# Bayesian Modelling with Lumen

This notebook showcases how the Lumen project can be utilized for Bayesian modelling.

Bayesian modelling can be done with Probabilistic Programming Languages, such as PyMC3 or Stan.
Lumen neatly integrated with PyMC3 (and Stan, which is under development), that is it you export your
PyMC3 model to Lumen with a single call. Once exported, you can visually explore, debug, and validate your model.
 No further coding required!

## Bayesian Modeling Overview

Bayesian Modelling can be separated into the following stages.

  0. data collection:
  1. data exploration: understand existing structure in your data, find issues with data quality, develop hypothesis
  how to structure your model to solve your problem
  2. model setup: describe model in term of a PPL
  3. model validation: check if the model does what you want and expect it to do.
  4. model deployment:

Typically this is an very incremental workflow where at first you start with a simple model which
thereafter is improved by changing the model, it's underlying distributions, by incooperating more data,
by differently perprocessing the data, ...
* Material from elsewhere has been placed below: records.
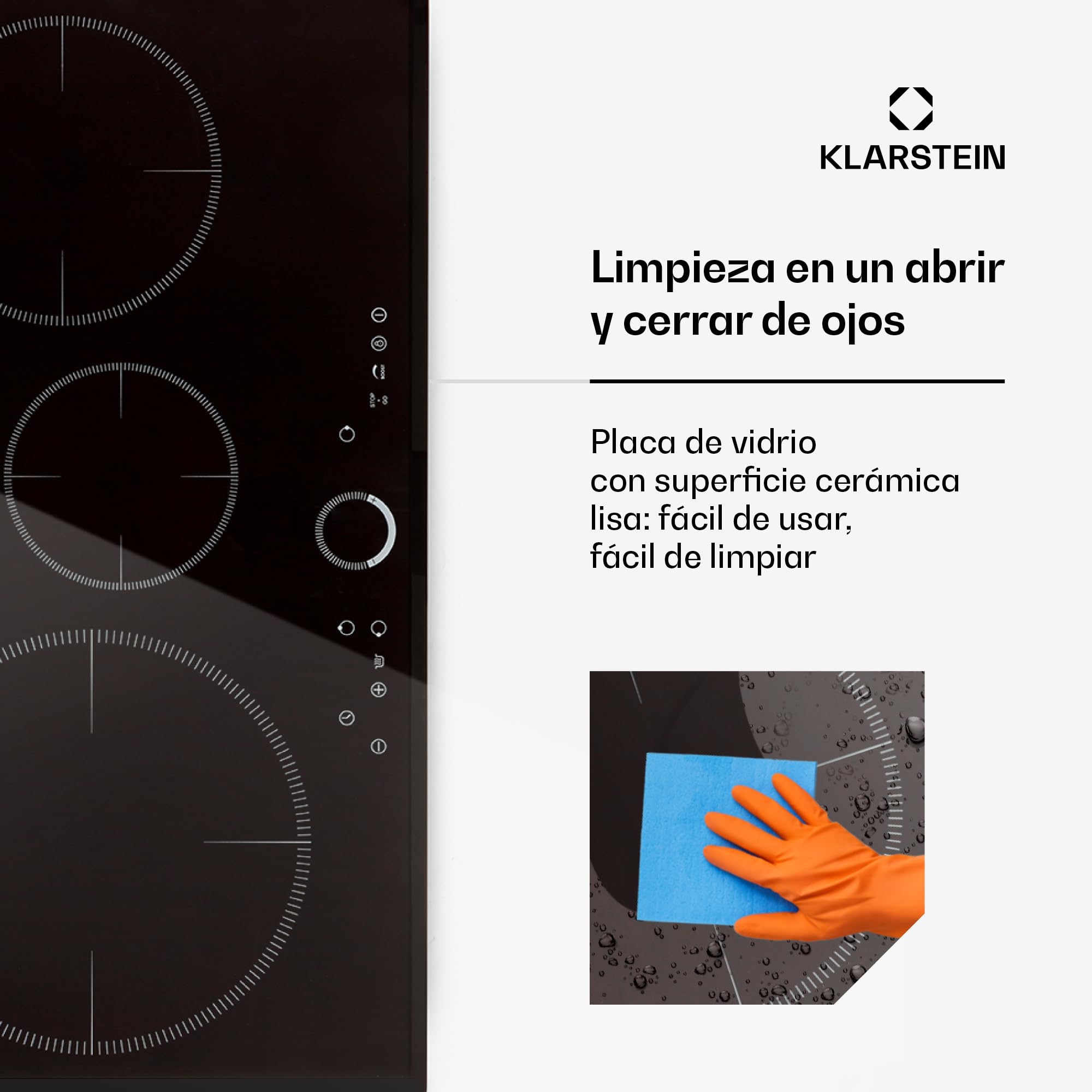 Klarstein Placa Induccion Eléctrica, 5800W, Vitrocerámica Inducción Eléctrica de 3 Fuegos, Placas de Cocción de Sobremesa, Control Táctil, Placas de Cocción de Inducción, Eléctricas para Cocinar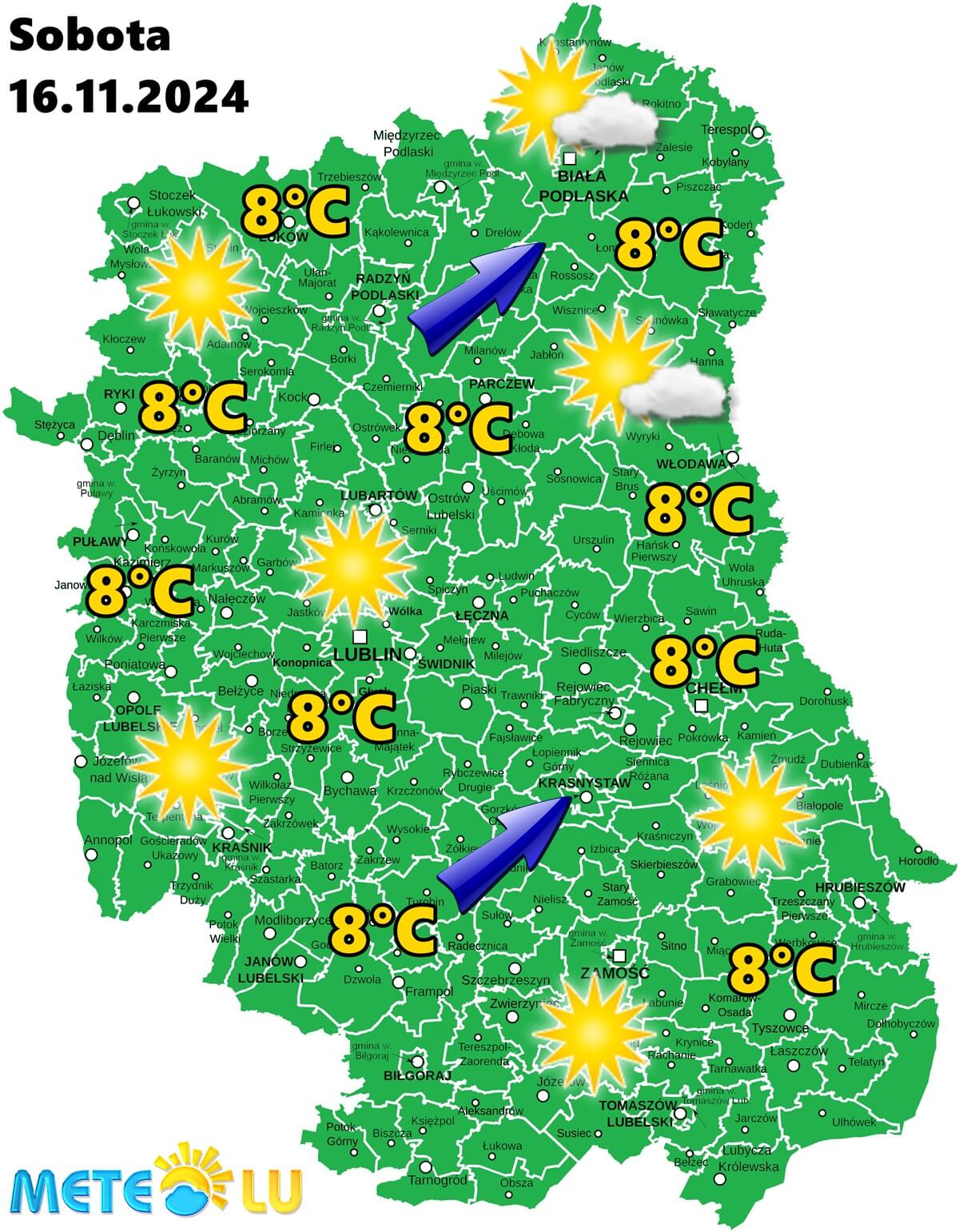 Weekendowa prognoza pogody dla woj. lubelskiego. Przejaśnienia i wyższe temperatury na horyzoncie 2 Prognoza pogody na sobotę 16 listopada w województwie lubelskim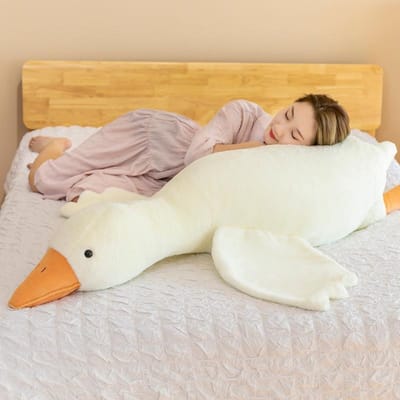 Trendy 37/50/55/90/130CM Grappige Gans Knuffel Zachte Eend Pluche Speelgoed Slaapkussen Bankkussen Kinderen Vriendin Verjaardagscadeau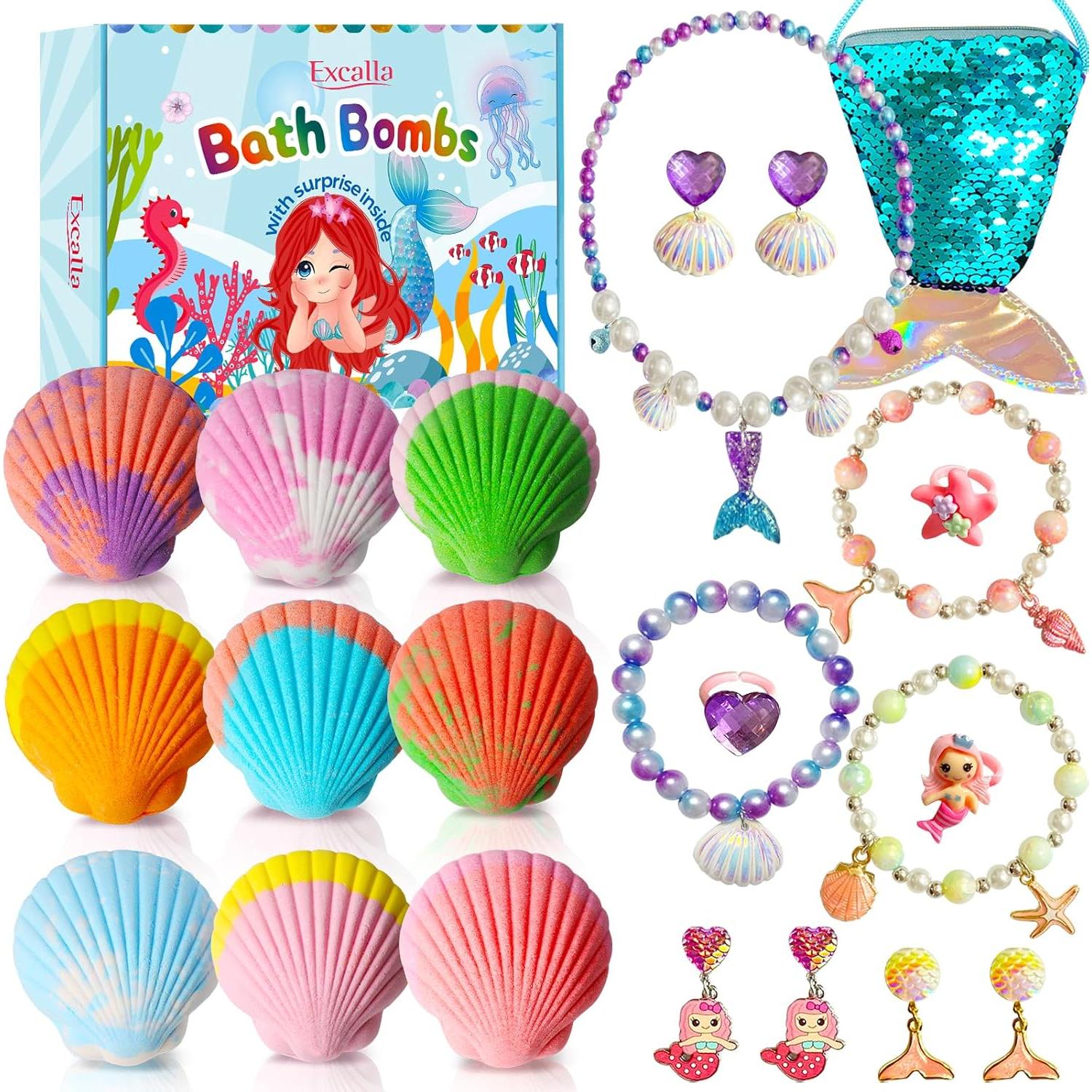 Kit de Bombas de Baño Sirena Excalla - 9 Piezas con Joyería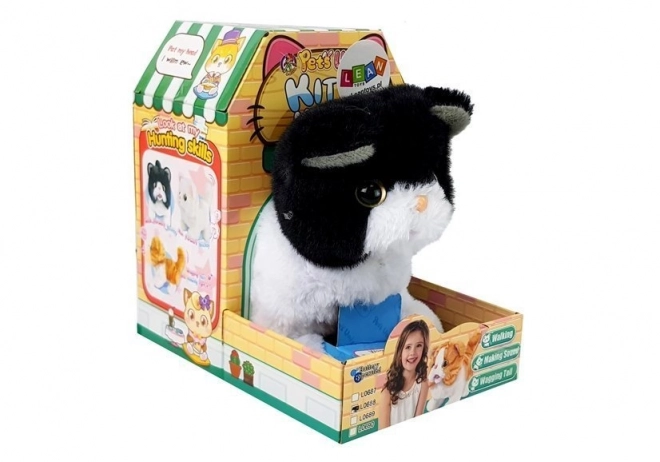 Interactive Walking Black and White Toy Cat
Often times there actually is not observable data available, hence the steps involving data exploratino and validation
with respect to traning or test data become obsolete. However, there is still the need to validate, debug and improve
the model - tasks with which Lumen may support you.

## How does Lumen help with Bayesian Modeling

Lumen allows you to:

   * export a PyMC3 model to Lumen in a single call
   * visually and interactively explore models:
      * understand prior and posterior distribution (that is, of the paramters/latent variables)
      * understand prior predictive and posterior predictive distribution (that is of the observable variables)
      * compare multiple increments of a model side by side
      * compare model distribution with data distribution (training or test data)
      * use Posterior Predictive Checks for validation


## Overview on Lumen

Lumen consists of a backend and a front end part.

### Backend
The backend serves two purposes:
 1. manage models, watch a specific directory for new models/changed models, and
 2. provide an API to run complex inference queries on models.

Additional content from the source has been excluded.